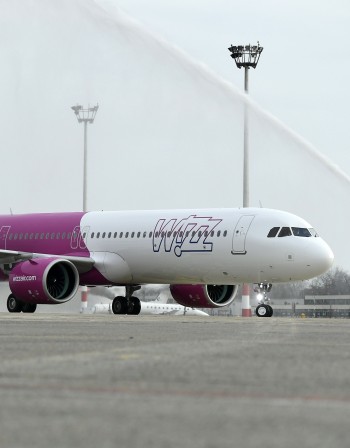     :   Wizz Air    
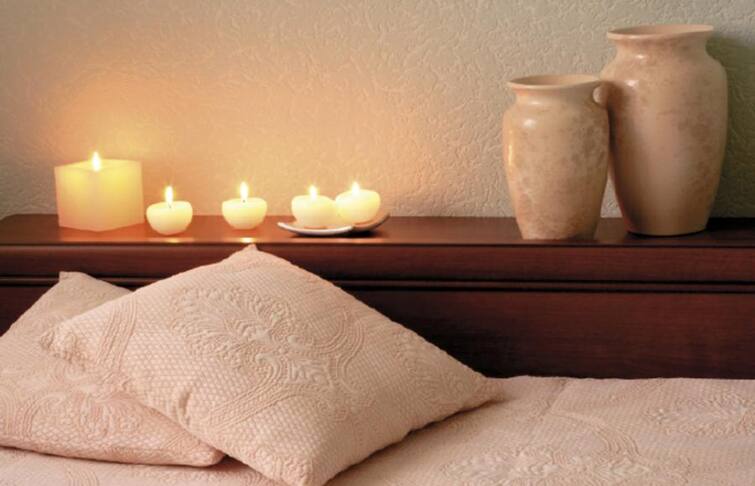 Enlight candle in Bedroom: सोने से पहले जलाते हैं खुशबूदार कैंडल तो जरूर बरतें सेहत के खतरे से जुड़ी ये सावधानी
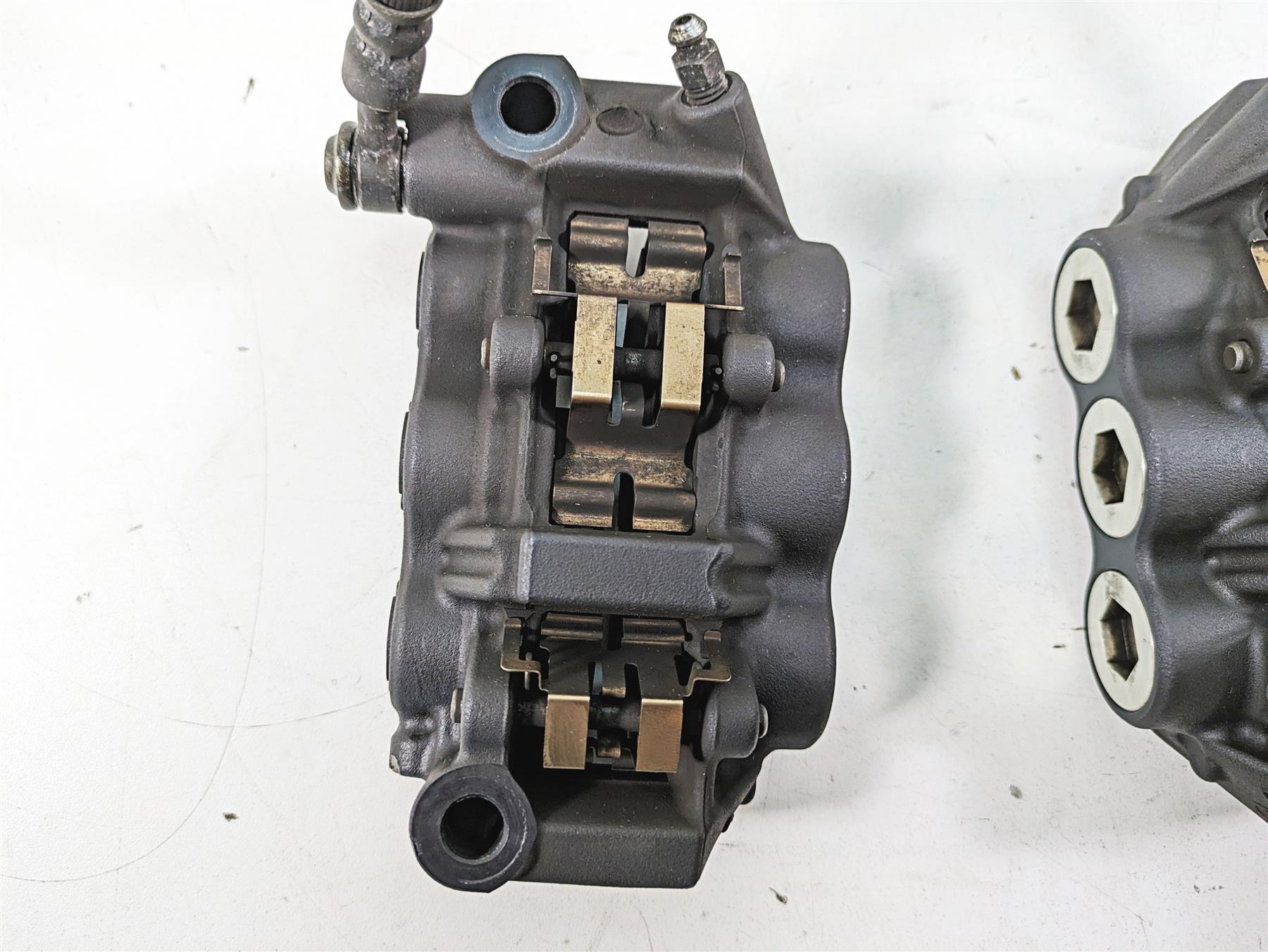 2007 Yamaha R1 YZFR1 6 Piston Front Brake Caliper + Lines Set 4C8-2580T-00-00 {{ shop.shopifyCountryName }} - Mototech271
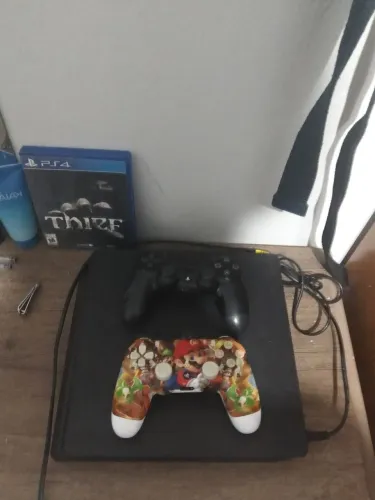 PS4 slim + 2 controles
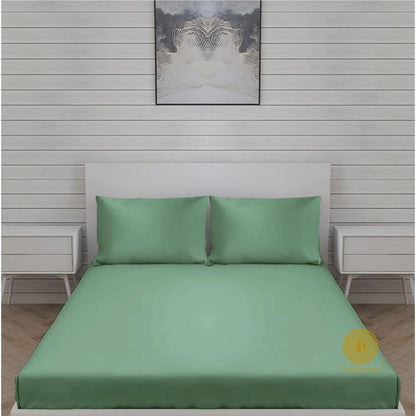 Organic cotton bedsheet from The Gharnish, 300 thread count, soft, smooth bedding with a clean, comfortable look.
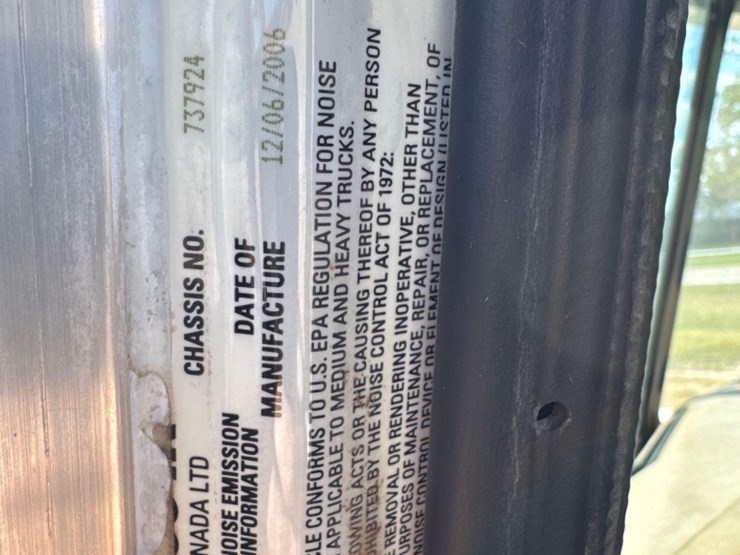 2007-peterbilt-335-image-35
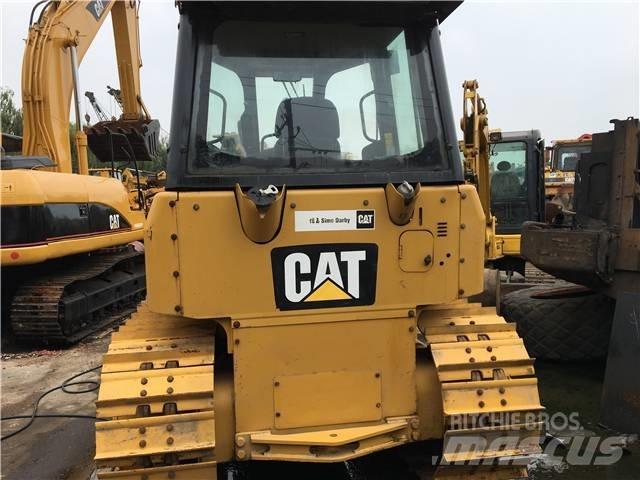 CAT D 5 K Bouteurs sur chenilles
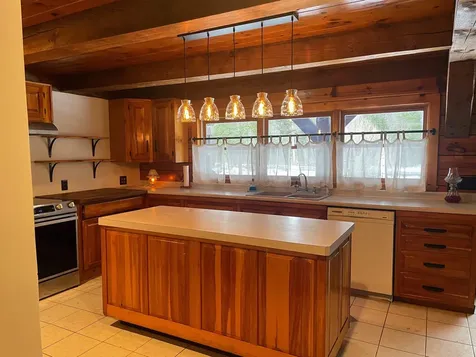 27 Evergreen Valley Road Milton NH 03851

===

TASK INSTRUCTIONS —
Set every record down exactly, omitting pictures.

RESPONSE TO THE TASK —
     :   Wizz Air    
 Enlight candle in Bedroom: सोने से पहले जलाते हैं खुशबूदार कैंडल तो जरूर बरतें सेहत के खतरे से जुड़ी ये सावधानी
 2007 Yamaha R1 YZFR1 6 Piston Front Brake Caliper + Lines Set 4C8-2580T-00-00 {{ shop.shopifyCountryName }} - Mototech271
 PS4 slim + 2 controles
 Organic cotton bedsheet from The Gharnish, 300 thread count, soft, smooth bedding with a clean, comfortable look.
 2007-peterbilt-335-image-35
 CAT D 5 K Bouteurs sur chenilles
 27 Evergreen Valley Road Milton NH 03851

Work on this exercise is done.